2 -Na determinação da ilicitude concreta do facto e da culpa das pessoas colectivas e entidades equiparadas, atende-se, entre outras, às seguintes circunstâncias:
a)O perigo ou o dano causados aos investidores ou ao mercado de valores mobiliários ou de outros instrumentos financeiros;
b)O carácter ocasional ou reiterado da infracção;
c)A existência de actos de ocultação tendentes a dificultar a descoberta da infracção;
d)A existência de actos do agente destinados a, por sua iniciativa, reparar os danos ou obviar aos perigos causados pela infracção.
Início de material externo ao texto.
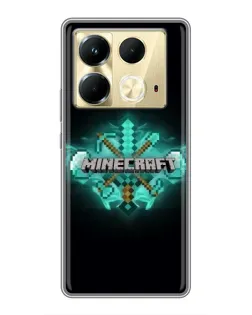 Чехол для Infinix Note 40 с картинкой «Minecraft Diamond лого»
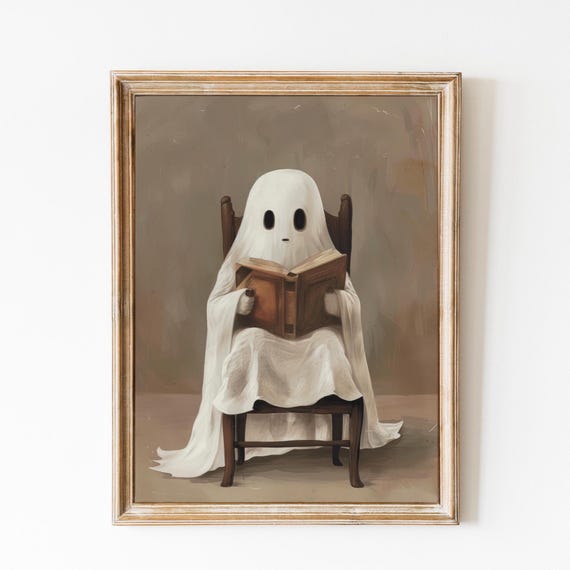 Cute Ghost Reading A Book Print Halloween Decor Spooky Wall Art Reading Lover Vintage Halloween Print Ghost Poster Funny Halloween Art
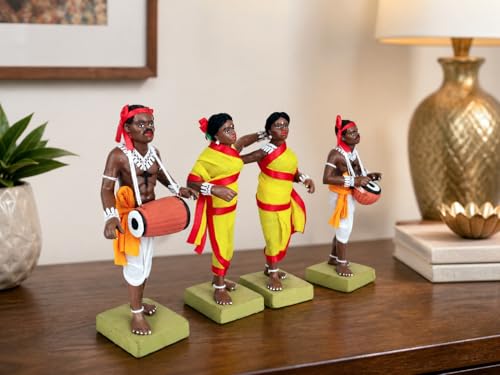 Image of Krishnanagar Handmade Clay Tribal Dance Group Idol | Terracotta Folk Human Figurines | Traditional Home Decor & Gift Showpiece | Set of 4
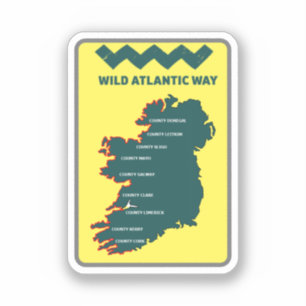 Adesivo A Selvagem Rota Atlântica Irlanda Viagem Costeira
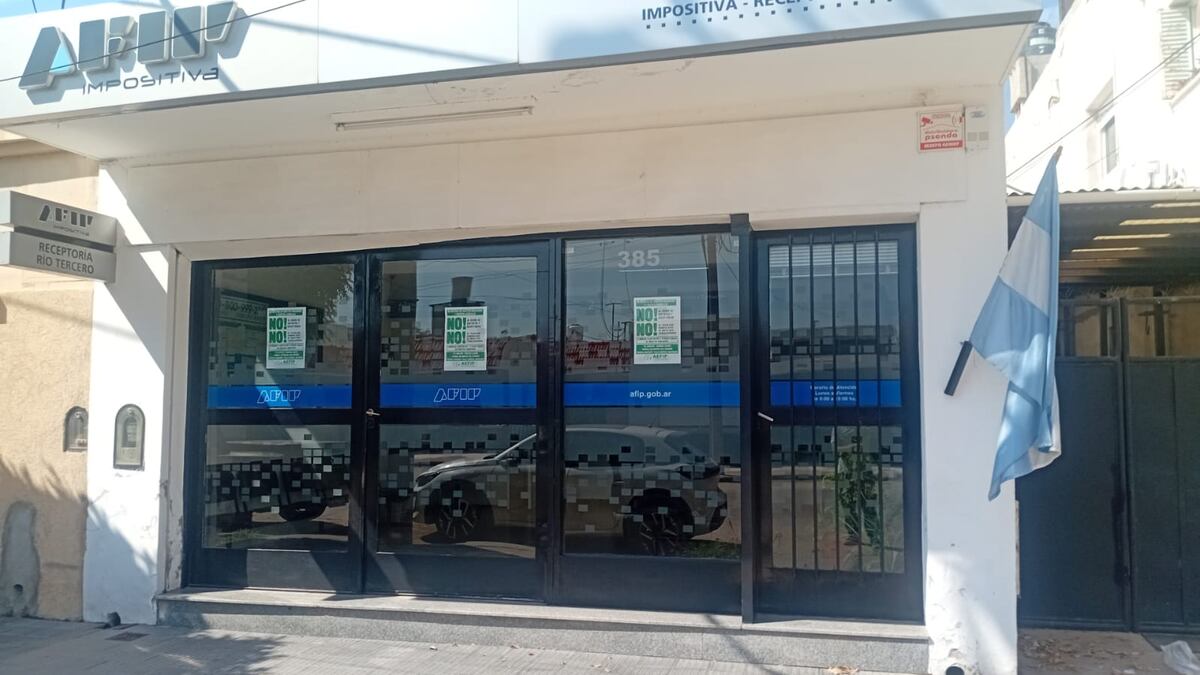 La oficina de la receptoría de Afip (ahora Arca) en Río Tercero. Esta semana cierra.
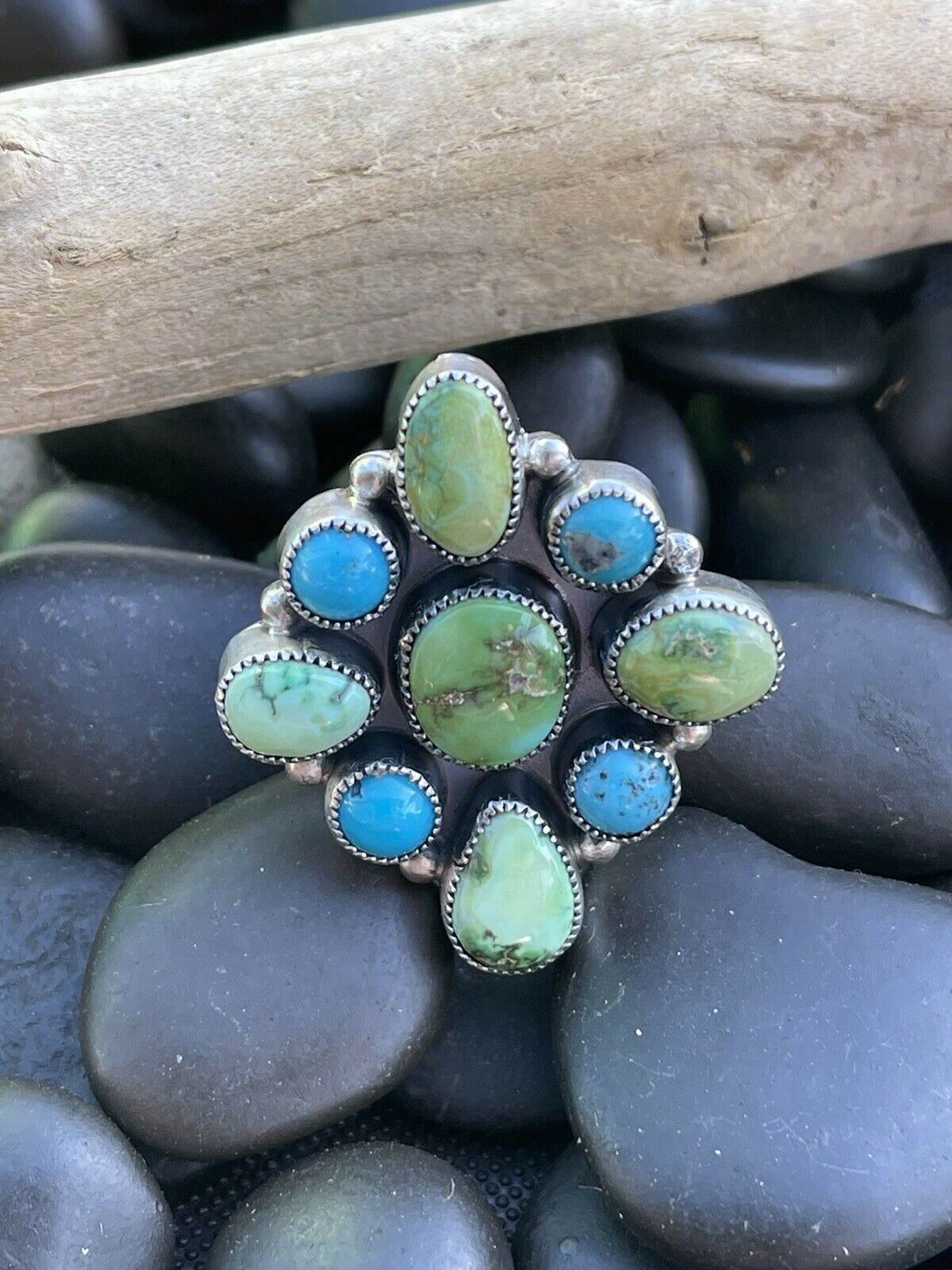 Navajo Sterling Sonoran Gold And Golden Hills Turquoise Cluster Ring Size 8.5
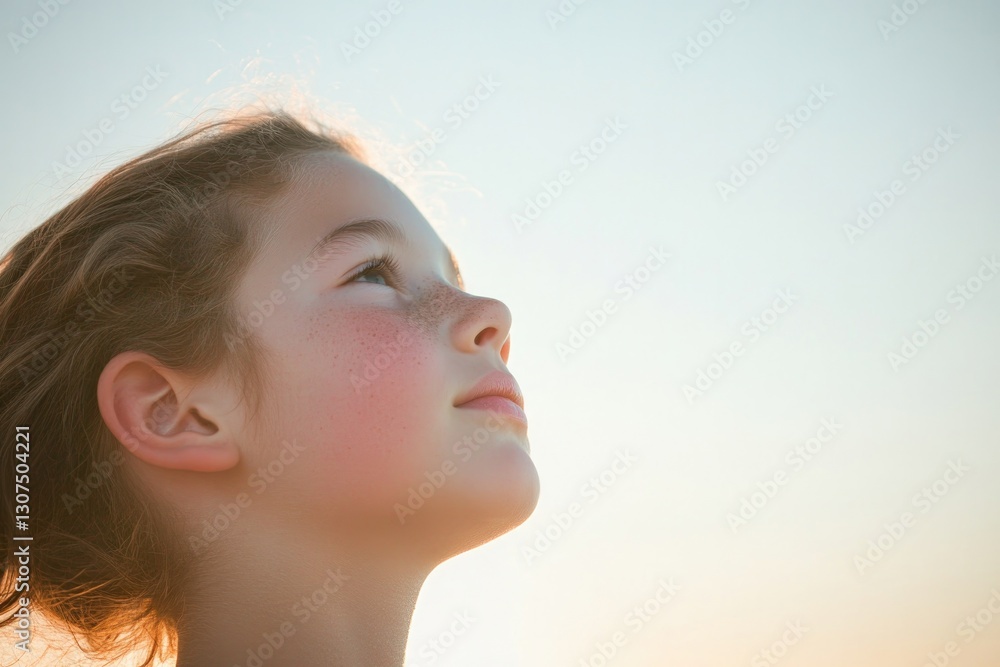portrait of young dreamer gazing into horizon surrounded by soft ambient light that highlights determination conveying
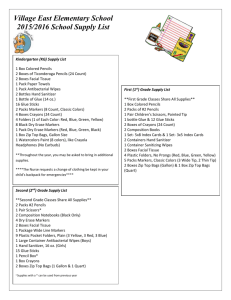 2015 2016 Supply List - Village East Community Elementary School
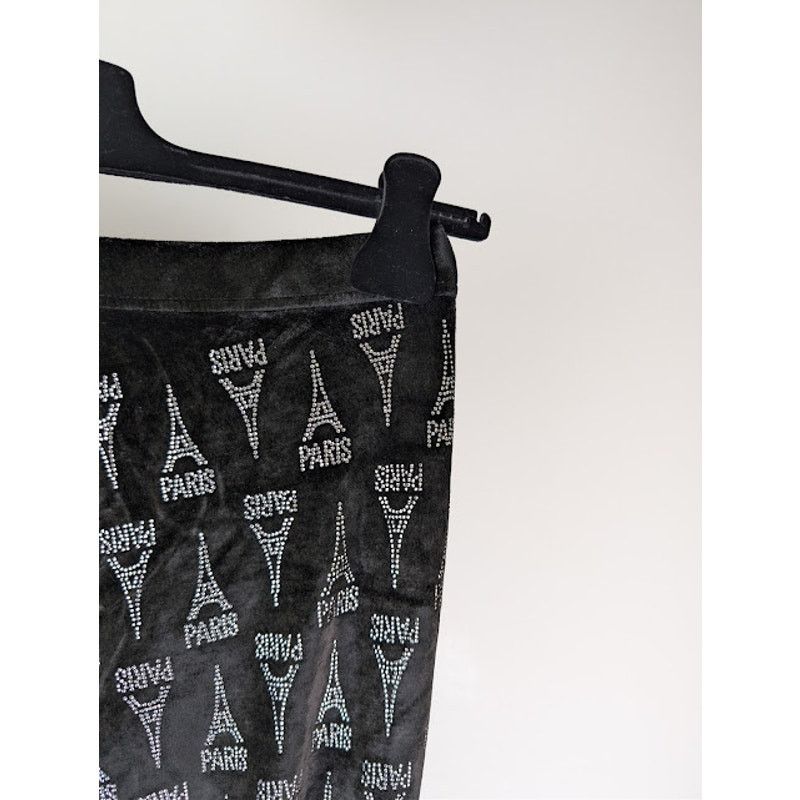 Balenciaga o1rshd1 Eiffel Tower Strass Velvet Elastic Pants in Black Size 30" / US 8 / IT 44 - 14 Thumbnail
3 -Na determinação da ilicitude concreta do facto e da culpa das pessoas singulares, atende-se, além das referidas no número anterior, às seguintes circunstâncias:
a)Nível de responsabilidade, âmbito das funções e esfera de acção na pessoa colectiva em causa;
b)Intenção de obter, para si ou para outrem, um benefício ilegítimo ou de causar danos;
c)Especial dever de não cometer a infracção.
4 -Na determinação da sanção aplicável são ainda tomadas em conta a situação económica e a conduta anterior e posterior do agente, designadamente, a sua cooperação e colaboração, com a CMVM ou com o tribunal, no âmbito do processo.